-------- DATASET --------
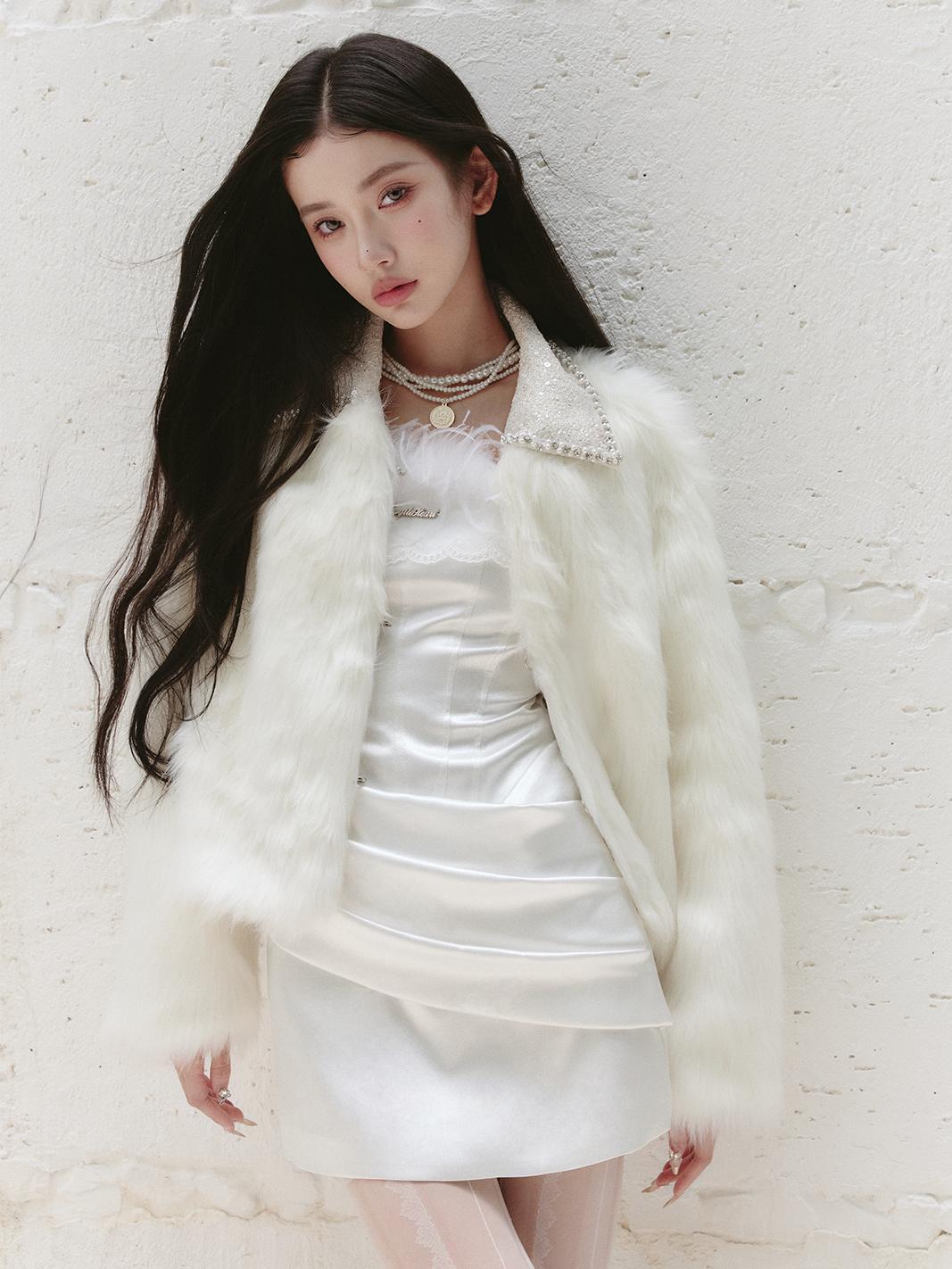 Eco-Friendly Faux Fur Plush Coat in Aristocratic First Snow Rabbit Style for Spring Summer - Chic 90s Inspired Fashion Eco-Friendly Faux Fur Plush Coat in Aristocratic First Snow Rabbit Style for Spring Summer - Chic 90s Inspired Fashion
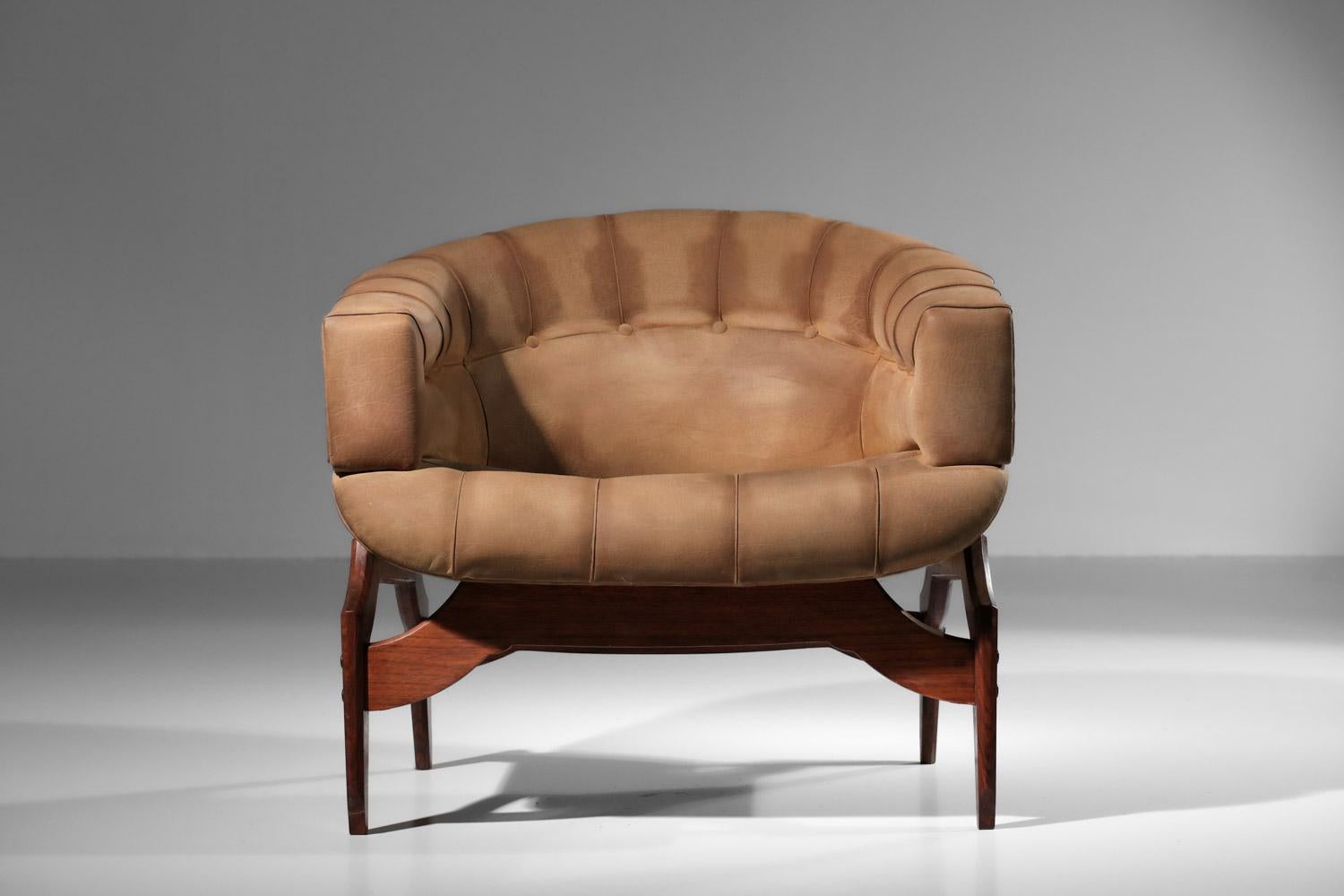 Paire de fauteuils des années 60 attribués au designer italien Ico Parisi. Structure en bois massif et plaqué, assise et dossier en croûte de cuir marron (d'origine). Design/One sobre et élégant. Très bel état vintage, avec des traces d'utilisation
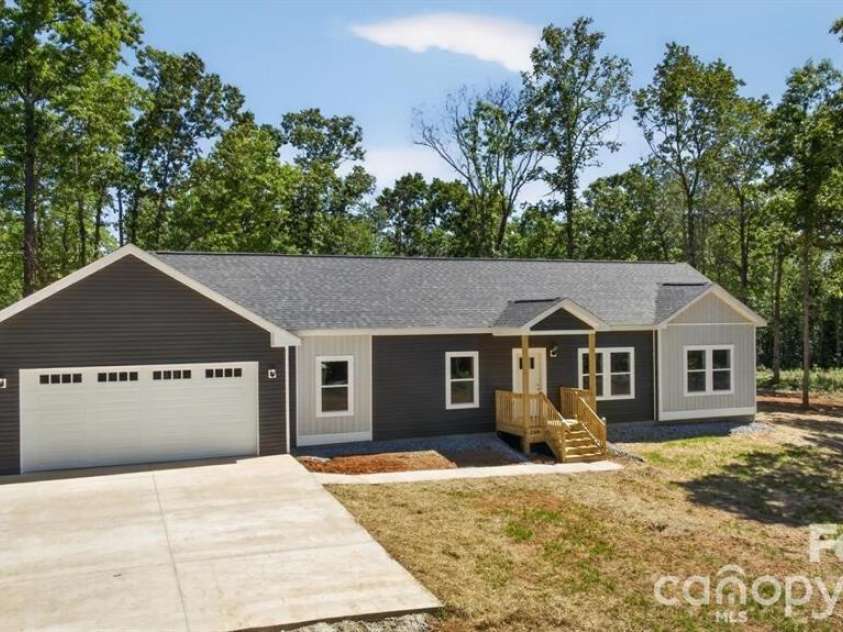 159 Evenfall Lane, Columbus, NC 28722.  MLS# CAR4405102, YatesRealty ID 38098. 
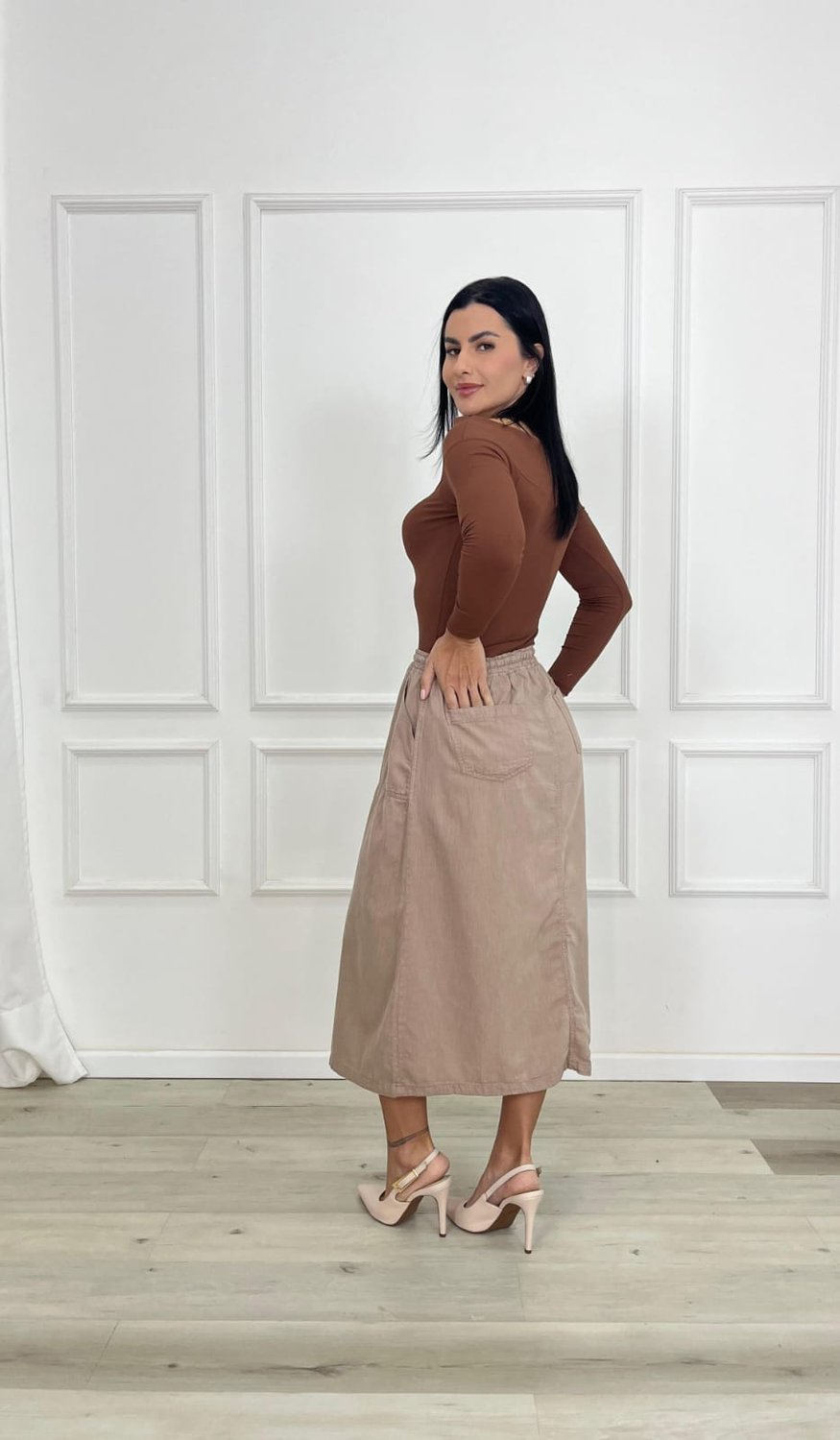 Saia Midi Color Com Fenda Frontal E Cordao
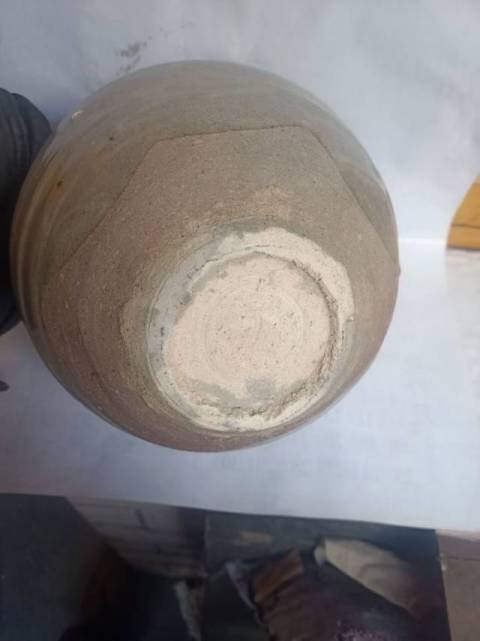 古玩陶瓷放漏元末明初青瓷蓋罐拍賣，當前價格3999元
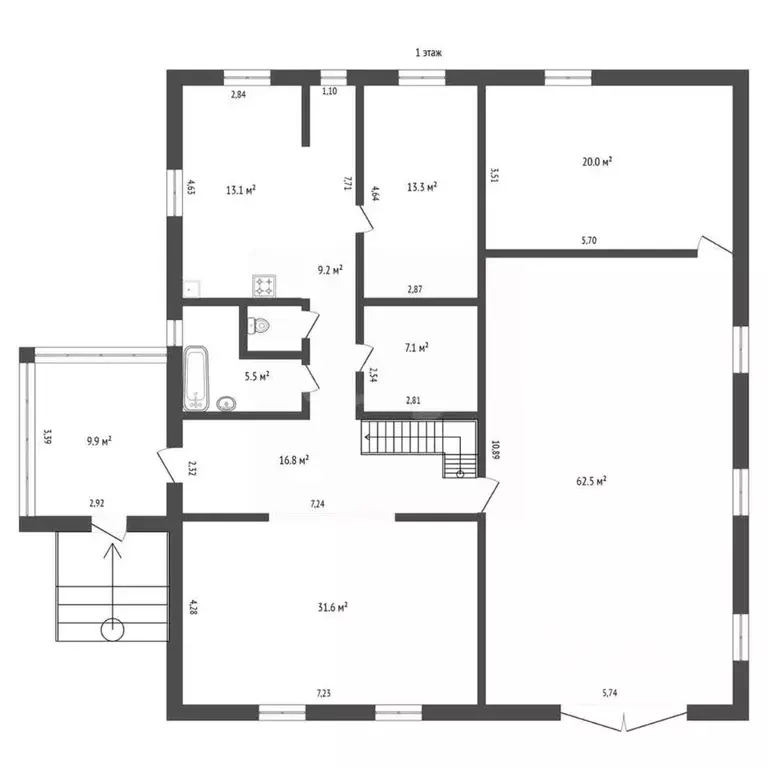 Дом в Амурская область, Тында ул. Сосновый Бор, 5 (150 м) - Фото 1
--------
* [TASK TO COMPLETE]: Would you print the whole listing exactly, omitting the pictures?

* [SOLUTION FOR THIS PROBLEM]:
 Eco-Friendly Faux Fur Plush Coat in Aristocratic First Snow Rabbit Style for Spring Summer - Chic 90s Inspired Fashion Eco-Friendly Faux Fur Plush Coat in Aristocratic First Snow Rabbit Style for Spring Summer - Chic 90s Inspired Fashion
 Paire de fauteuils des années 60 attribués au designer italien Ico Parisi. Structure en bois massif et plaqué, assise et dossier en croûte de cuir marron (d'origine). Design/One sobre et élégant. Très bel état vintage, avec des traces d'utilisation
 159 Evenfall Lane, Columbus, NC 28722.  MLS# CAR4405102, YatesRealty ID 38098. 
 Saia Midi Color Com Fenda Frontal E Cordao
 古玩陶瓷放漏元末明初青瓷蓋罐拍賣，當前價格3999元
 Дом в Амурская область, Тында ул. Сосновый Бор, 5 (150 м) - Фото 1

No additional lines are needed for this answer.